Voyage of nostalgia for sea loving former Moderator
Published on 1 August 2019
A former Kirk Moderator embarked on a voyage of nostalgia that proved to be a real "shock to the system".
Very Rev Dr Angus Morrison visited his late father's former ship for the first time in more than 40 years and was stunned by its transformation into a luxury 23-cabin hotel.
Happy memories came flooding back for the 65-year-old minister as he boarded Fingal and marvelled at the familiar yet strikingly different surroundings.
When he was a young man, he was a regular visitor to the former Northern Lighthouse Board tender which has undergone a £5million conversion.
Captain Norman Morrison served on the 239-foot long ship in the 1970s when its primary role was to ferry lighthouse keepers, essential supplies and maintenance staff to lighthouses along the west and north coasts of Scotland.

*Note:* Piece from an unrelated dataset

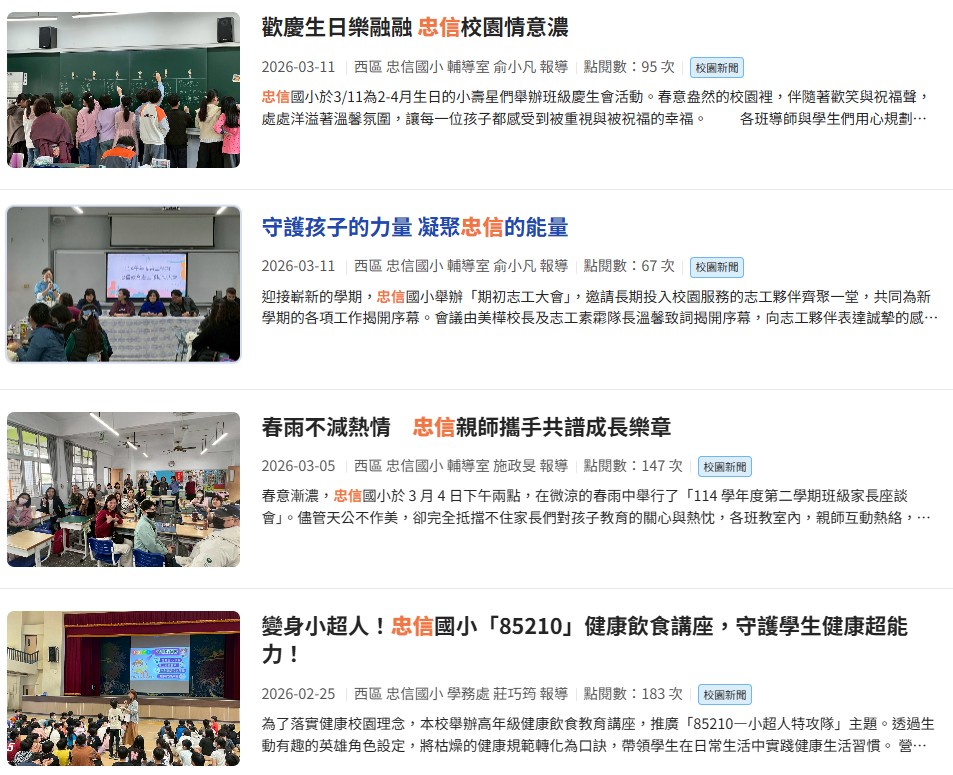 忠信校園報導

Built in Glasgow in 1964, Fingal was based in Oban, where the Morrison family lived, until 1994 when it moved to Stromness in Orkney before being sold to a private company in 2000.
The ship was renamed MV Windsor Castle and taken to the River Fal in Cornwall until it was bought by the Royal Yacht Britannia Trust in 2014, which changed the name back to Fingal, believed to be in homage to a third century king.

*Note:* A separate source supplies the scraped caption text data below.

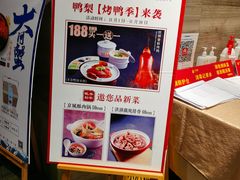 -大鸭梨(天通西苑店)
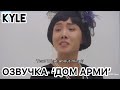 Озвучка Кайла BTS Мини Дорама House Of ARMY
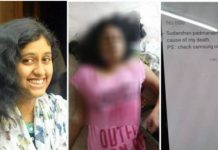 மாணவி பாத்திமா த ற்கொ லை விவகாரத்தில் புதிய திருப்பம்!!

It is now permanently docked in Alexandra Dock, Port of Leith in Edinburgh.
Dr Morrison, who was Moderator of the General Assembly in 2015-16, said his father would be delighted to know that the red, white and blue ship has been transformed into something of "real beauty" and did not end its life in a breakers' yard.
The minister of Orwell and Portmoak Parish Church in Kinross-shire, said: "Walking along the dock, it gave me a thrill instantly to recognise the unmistakable lines of a ship I had long known and loved.

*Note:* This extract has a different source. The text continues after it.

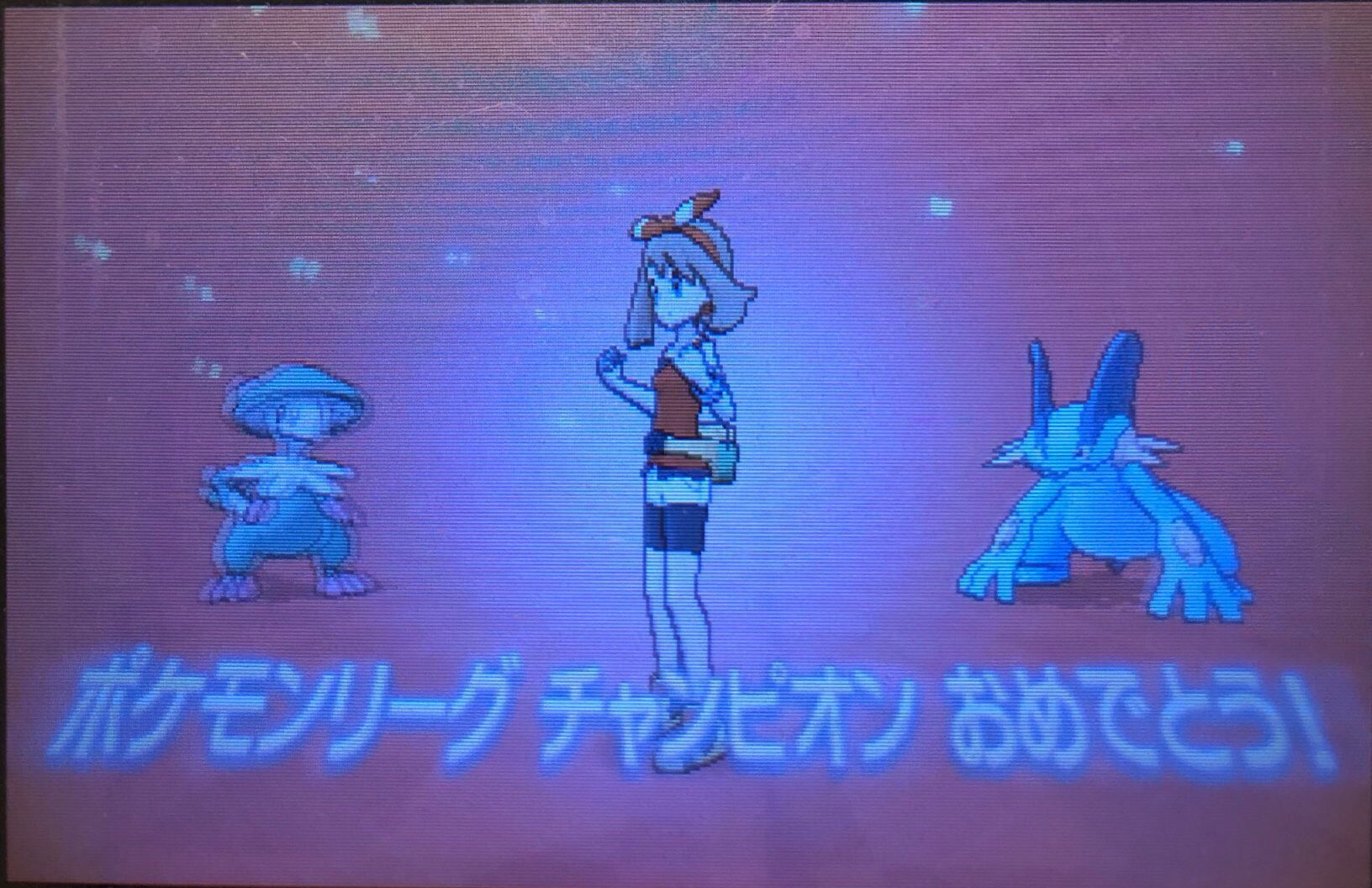 スラヨシ アンテ ポケダン空ネタバレしないでね No Twitter レックウザもいた ゲンジで大活躍した みんなありがとう スラヨシ アンテ ポケダン空ネタバレしないでね No Twitter レックウザもいた ゲンジで大活躍した みんなありがとう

"The sense of excitement I felt as we went on board was exactly the same as I had experienced every time I boarded her years ago when she played her full part in ensuring the safety of mariners around our coasts.
"On board, however, the experience was something of a shock to the system.
"Practical functionality had given way to a level of comfort and luxury its past crews could never have imagined.
"Much creative and careful thought has gone into the ship's inner transformation."
Dr Morrison, whose family hails from Harris in the Outer Hebrides, said he was often aboard Fingal when it was in port at Oban.
"The officers and the crew were always very kind to me," he recalled.
"Dad would explain to me all the latest technology on the bridge and the engineers would take time to show me round the engine room.
"I was quite fascinated by it all and I loved the great big steering wheel on the bridge.
"I loved Dad's cabin with round porthole, desk, chair, settee and bunk.
"All so compact and ship-shape and I used to enjoy reading for long periods in his cabin and occasionally did some studying at the desk."
Dr Morrison's father worked with the Northern Lighthouse Board for 36 years and was an expert at manoeuvring ships in treacherous waters that no other vessels dared to sail.
He was master of Fingal's sister ship, Pole Star, which was based in Orkney, and commanded the Commodore ship, Pharos, based in Leith until he retired in 1986.
Captain Morrison, who served with the Royal Navy during the Second World War, was made an MBE for services to shipping around the Scottish and Isle of Man coasts.
He died in Oban in 2009 at the age of 87.
The Royal Yacht Britannia Trust has gone to great lengths to maintain many of the original features of the working ship and many photographs and logbooks are on display.
Dr Morrison, who was accompanied by his wife Marion on the tour, took great pleasure in pouring over the logbooks and recognised many of the names written within.
He said: "I am very pleased that Fingal was not sent to the breakers' yard and the designers have created something new and of real beauty.
"They have also, in exciting and surprising ways, maintained a sense of continuity with the ship that had been.
"My dad would have been delighted."
Dr Morrison said being abroad Fingal again left him with a mixture of emotions.
"There was a feeling of deep pleasure that the ship's future has been secured and that it will continue to fulfil a valuable, if different, function in the years to come," he added.
"Maybe not surprisingly, my thoughts also had a nostalgic hue as I reflected on an earlier part of this ship's story and recalled some of the kind and courageous sailors I had known.
"I am so glad that the devoted service they rendered in salutem omnium ('for the safety of all') will continue to be remembered and honoured in the time to come."